Contudo, quando interrogados sobre formas de controle da SMED em relação ao seu
trabalho, os entrevistados citaram: as proposições curriculares da rede, interferência dos
acompanhantes de escola nos planejamentos e exigência de relatórios. Dessa forma, o aumento
149
de responsabilidades técnicas não vem associado à possibilidade de decidir sobre o trabalho, ao
contrário disso, torna os professores ainda mais dependentes de especialistas que definem o
processo de fora da escola.
Portanto, apesar de apresentar diferenças, as concepções de autonomia expressas pelos
entrevistados deixam igualmente de fora a participação dos professores na definição dos rumos
do processo de trabalho pedagógico da escola, evidenciando o deslocamento de significado que
a expressão sofreu a partir dos discursos sobre eficácia e eficiência, presentes no modelo
gerencial de gestão da educação.
Com base no estudo apresentado no capítulo 3 desta dissertação, é possível acompanhar
o processo gradual de afastamento dos docentes da RME/BH em relação às definições
concernentes ao seu trabalho, a partir da segunda metade da década de 1990, intensificando-se
nos anos 2000. De um discurso que valorizava e incentivava a participação da comunidade nas
decisões da escola, observados nas décadas de 1980 e metade da década de 1990, a RME/BH
foi migrando para um modelo em que essa participação é apenas formal.

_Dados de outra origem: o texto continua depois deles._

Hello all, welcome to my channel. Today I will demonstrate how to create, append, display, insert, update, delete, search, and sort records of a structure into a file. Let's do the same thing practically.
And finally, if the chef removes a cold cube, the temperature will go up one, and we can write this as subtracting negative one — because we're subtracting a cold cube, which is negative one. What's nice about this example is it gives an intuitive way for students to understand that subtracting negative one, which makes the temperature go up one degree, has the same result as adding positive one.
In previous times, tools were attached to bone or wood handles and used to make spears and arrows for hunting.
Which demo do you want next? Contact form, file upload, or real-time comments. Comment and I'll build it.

O modelo participativo de gestão educacional que se afirmou pretender implantar na
RME/BH, na década de 1980, tem na elaboração dos Projetos Político-Pedagógicos (PPP) pelas
unidades escolares e na realização de reuniões pedagógicas de duas horas semanais, com
dispensa de alunos, a sua maior expressão. Através da Construção do PPP toda comunidade
escolar era convidada a definir o tipo de educação a ser realizado pela escola, levando em
consideração suas características e demandas próprias. As reuniões pedagógicas semanais
favoreciam a colaboração entre os docentes e a construção coletiva do conhecimento,
fortalecendo o processo de deliberação realizado na própria escola.
A instituição de eleições para a escolha de diretores e coordenadores escolares e a
criação de instâncias de participação da comunidade: colegiado e assembleia escolar foram
componentes importantes desse modelo participativo. Nesse contexto, o caráter político do
trabalho docente e da educação era enfatizado, através do objetivo de formar cidadãos aptos a
interferir nos rumos políticos da sociedade.

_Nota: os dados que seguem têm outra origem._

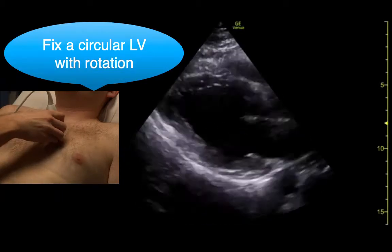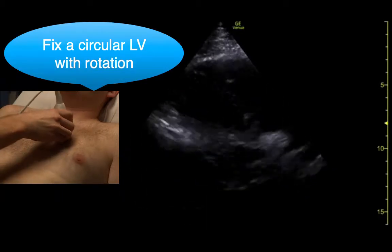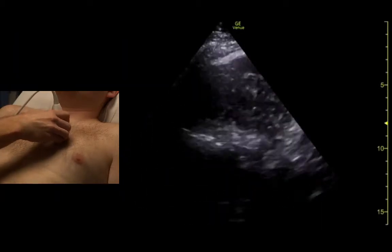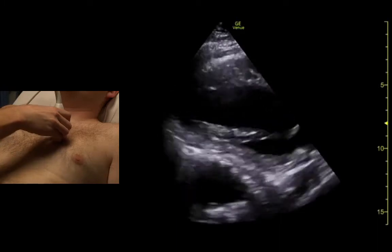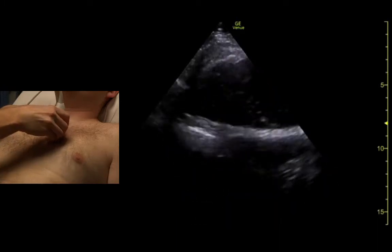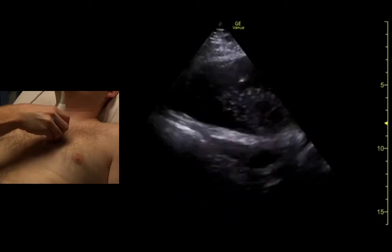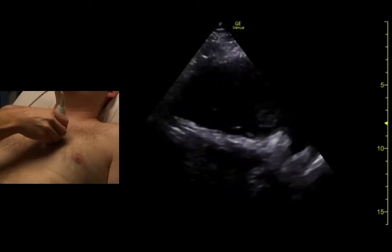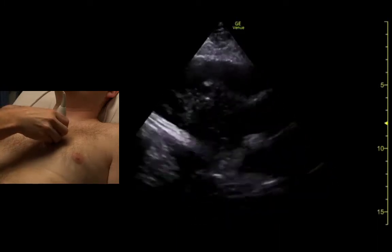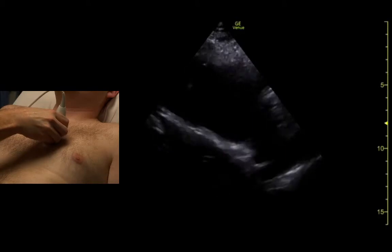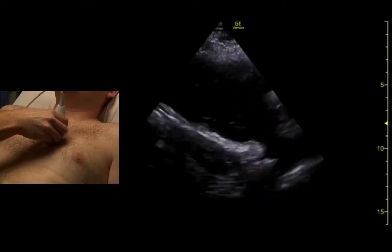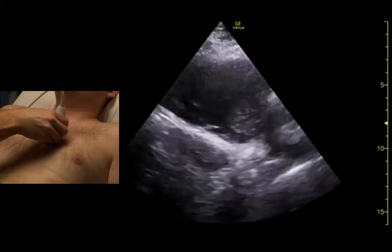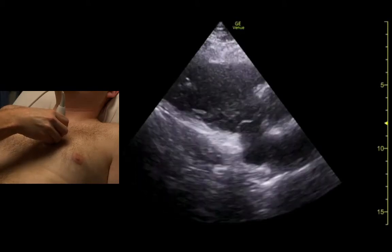The other mistake is sometimes you see this where that's all right ventricle. It means we're in too far, pushed down too far toward the feet.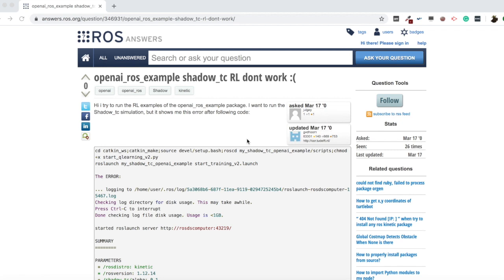Hello ROS developers and welcome to a new video of the ROS Questions and Answers video series. In today's video we are going to be talking about this question I found in the ROS Answers forum, which says 'OpenAI ROS example ShadowTC RL which goes for reinforcement learning don't work.' He basically says he tried to run the reinforcement learning examples of the OpenAI ROS example package and wants to run the ShadowTC simulation but it shows an error.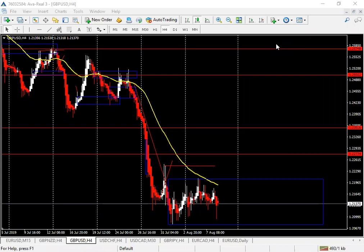Two nights ago we were discussing the basics of the Heiken Ashi — the benefits of it and how it could potentially be more useful than normal candlestick formations. The main point is that it's more of an averaging of candles, because it uses previous candle data to calculate whether it's red or white, giving us a nice smooth price representation.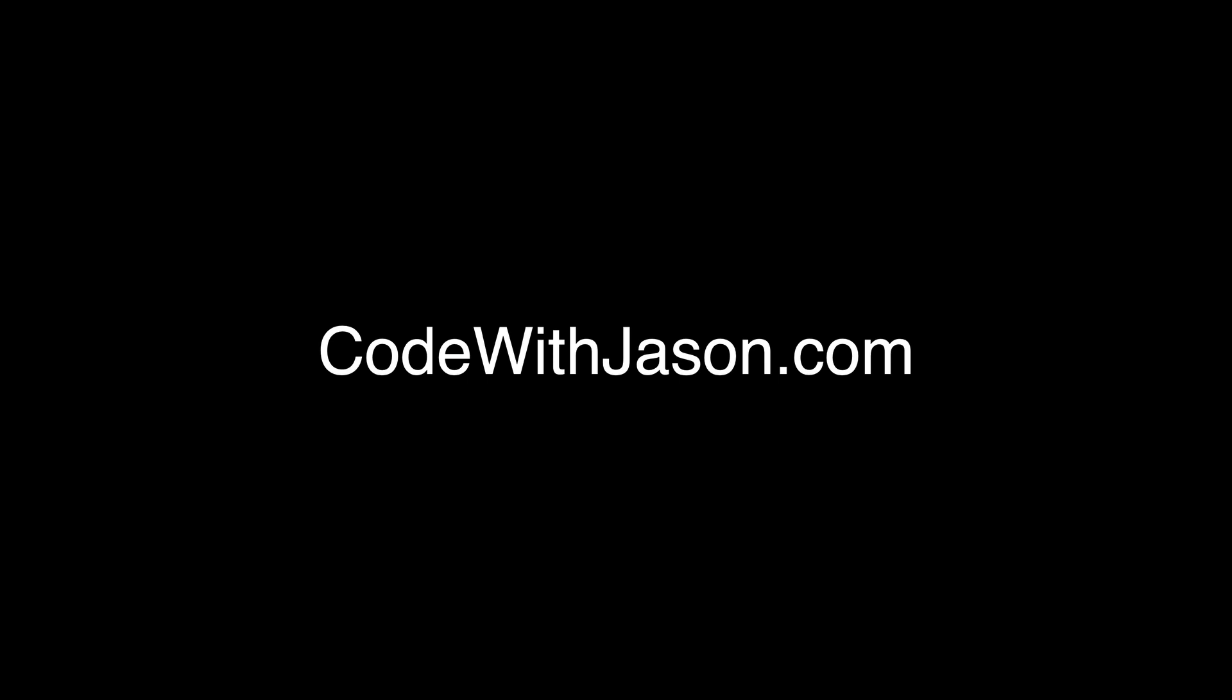Anyway, thanks for watching this video. To find my blog posts, products, podcasts, and other videos, visit CodeWithJason.com.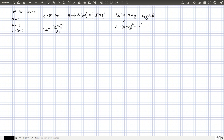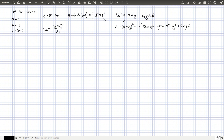Expanding (x + iy)² using the formula for a square, we get x² + 2xy·i - y², because i² = -1. That's how the minus sign appears. Rearranging terms gives us (x² - y²) + 2xyi.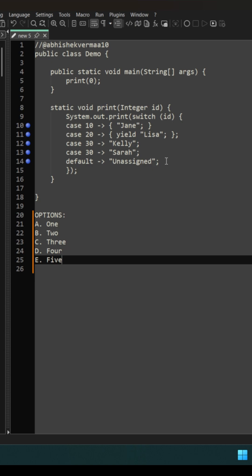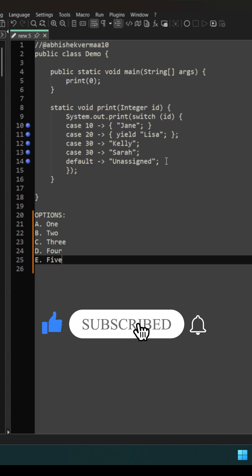So do provide me your answer in the comments and my correct answer along with the explanation is available in description of this video.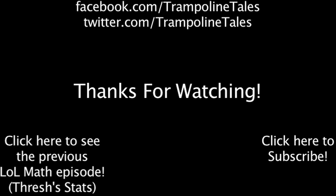Make sure to like this video if you enjoyed it, and subscribe if you'd like to be informed when we release new videos. Click the annotation on the screen if you'd like to see the previous LoL Math episode. You can also like LoL Math on Facebook at facebook.com/trampolinetales, and follow me on Twitter at twitter.com/trampolinetales. Thanks for watching this episode of LoL Math.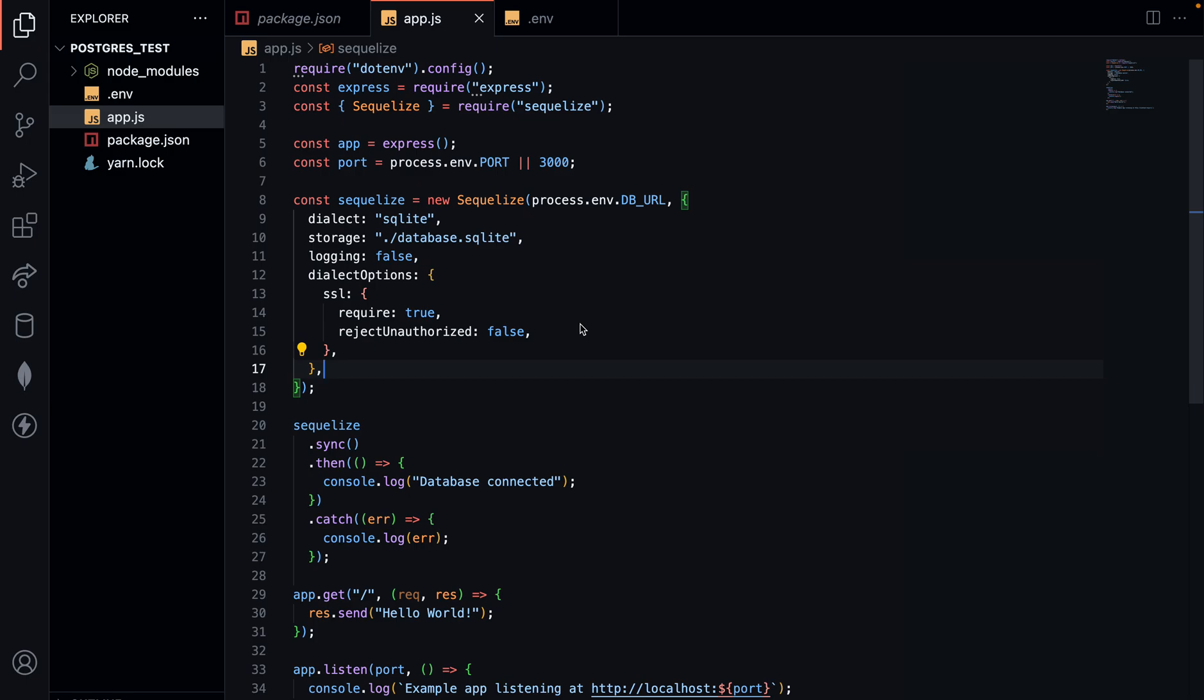Hello, welcome to the third part of creating a database on Render and linking it to your web application. In the previous tutorials, we created the database on Render, the free tier, and we got the connection string and used Sequelize to try to connect that.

A partir da segunda metade da década de 1990, essa perspectiva vai mudando aos
poucos, e os docentes vão sendo afastados das decisões da escola. Esse afastamento foi
verificado, no trabalho de campo, através do abandono dos Projetos Político-Pedagógicos (PPP)

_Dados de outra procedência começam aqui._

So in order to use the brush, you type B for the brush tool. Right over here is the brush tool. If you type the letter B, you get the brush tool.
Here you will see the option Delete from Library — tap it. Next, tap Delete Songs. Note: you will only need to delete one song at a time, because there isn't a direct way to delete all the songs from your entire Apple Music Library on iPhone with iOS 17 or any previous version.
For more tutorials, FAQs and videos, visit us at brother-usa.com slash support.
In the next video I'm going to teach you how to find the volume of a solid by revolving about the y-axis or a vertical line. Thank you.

das unidades pesquisadas, do número reduzido de reuniões realizadas com todos os
150
trabalhadores da escola e da pequena articulação com a comunidade (pais e estudantes), nas
instâncias de participação existentes (colegiado e assembleia escolar, principalmente).
Nas duas escolas pesquisadas, os PPP haviam sido construídos há mais de duas décadas
e todos os entrevistados afirmaram não haver participado da sua elaboração. Na escola B, o
diretor informou a tentativa de revisão do projeto que não foi concluída devido à falta de tempo
para encontros coletivos.
A dificuldade em reunir o conjunto de professores, com o fim das reuniões pedagógicas
semanais, ocasionou uma fragmentação dos tempos coletivos inviabilizando a discussão e
deliberação do grupo de professores. As reuniões que ainda são feitas pautam discussões sobre
disciplina e notas de alunos (nos conselhos de classe), apresentação de projetos da prefeitura
(escola A), distribuição de pontos, datas e formatos de avaliações e apresentação de resultados
das avaliações externas. Nenhum dos entrevistados citou discussões que envolvessem
concepções de educação, finalidades e objetivos da escolarização, conteúdos curriculares e
metodologias.
A partir do final da década de 1990 e anos 2000, o modelo de gestão que se consolida
na prefeitura de Belo Horizonte tem como proposta a permanente avaliação dos resultados das
políticas públicas. Na educação, a busca da qualidade é afirmada através de um constante
monitoramento dos índices educacionais das escolas, que se intensifica, a partir de 2008, através
da criação do Sistema de Avaliação do Ensino Fundamental – (Avalia-BH).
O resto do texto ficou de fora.